Compliance Officer Found Liable for Failing to Preserve Data

A recent ruling of the Securities and Exchange Commission (“SEC”) should serve as a yet another reminder of the importance of adequately preserving electronically stored data.

On July 2, 2010, the SEC ruled that vFinance Investments Inc., a Florida based broker dealer, violated securities laws by failing to preserve and produce electronic communications requested by the SEC as required by Section 17(a) of the Securities Exchange Act of 1934. In re vFinance Investments Inc., SEC, Admin. Proc. File No. 3-12918, 7/2/10.


In addition, as another example of the growing trend of blaming corporate executives for e-discovery failures, the SEC held that the firm’s former chief compliance officer, Richard Campanella, was liable for willfully aiding and abetting vFinance’s violations. The SEC sustained an administrative law judge’s decision censuring the Campanella and assessing penalties of $100,000 and $30,000 against the firm and Campanella, respectively. The SEC also barred Campanella from the industry for two years.

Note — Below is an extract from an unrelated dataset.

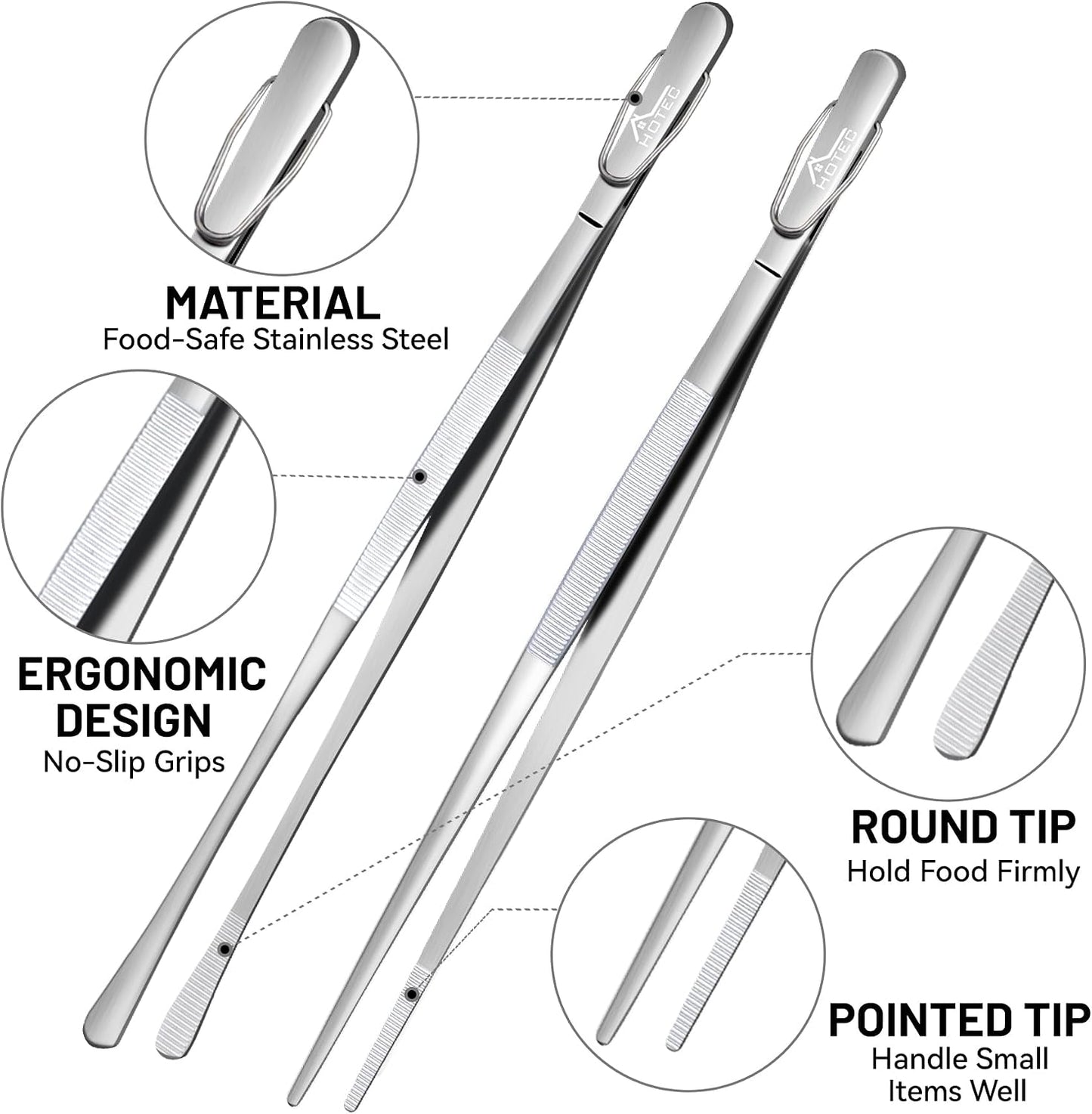 HOTEC Kitchen Tweezers Tongs Stainless Steel, Set of 6 - Professional Cooking Tweezers for Cooking, Chefs, BBQ, Seafood, Baking & Repair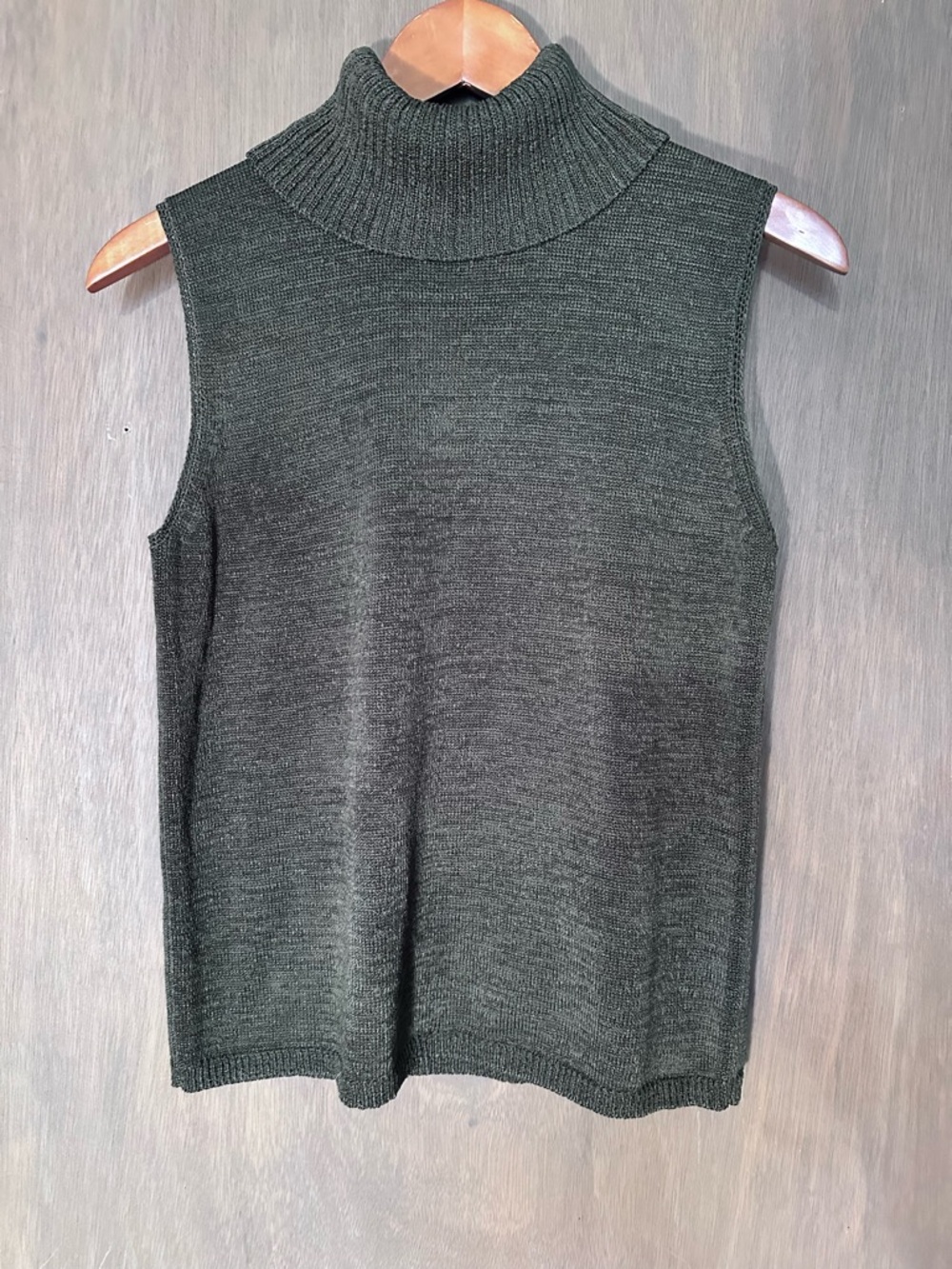 Josephine Chaus Sleeveless Turtleneck Knit Top - Olive Green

The penalties stemmed from vFinance’s failure to preserve and produce electronic communications of a branch manager at one of the firm’s offices. In July of 2005, the Enforcement Division of the SEC contacted Campanella to alert him regarding a forthcoming document request regarding Lexington Resources, Inc. -- the branch manager acted as a market maker for its stock. Although it was obvious to Campanella that the branch manager would not produce the requested documents, he waited almost six months after the division’s request to threaten to fire the branch manager for not doing so. In spite of the manager’s noncompliance, Campanella never followed through on the termination threat, giving the branch manager time to destroy the documents sought by the Enforcement Division. In addition, while Campanella was aware that the branch manager was sending and receiving email relating to Lexington Resources from a personal email account, he never implemented a system to preserve such email.  Because Campanella failed to act when he had a duty to do so, the SEC found him liable for aiding and abetting vFinance’s violations.  


Campanella was found liable for aiding and abetting vFinance’s violations even though he did not have actual knowledge that his failure to act constituted a violation. At oral argument before the SEC, Campanella’s counsel argued that in order to ensure certainty in the law, the standard for aiding and abetting in SEC administrative actions should be the same as in federal district courts, where actual knowledge is required. The SEC disagreed, holding that “recklessness is sufficient to establish aiding and abetting liability, and here we find Campanella’s conduct was variously knowing and extremely reckless.” 


There are two important implications here:  (1) corporate executives are not immune from e-discovery sanctions by virtue of being a few corporate steps removed from the process; and (2) the standard for liability in SEC actions is lower than in district courts -- recklessness rather than actual knowledge.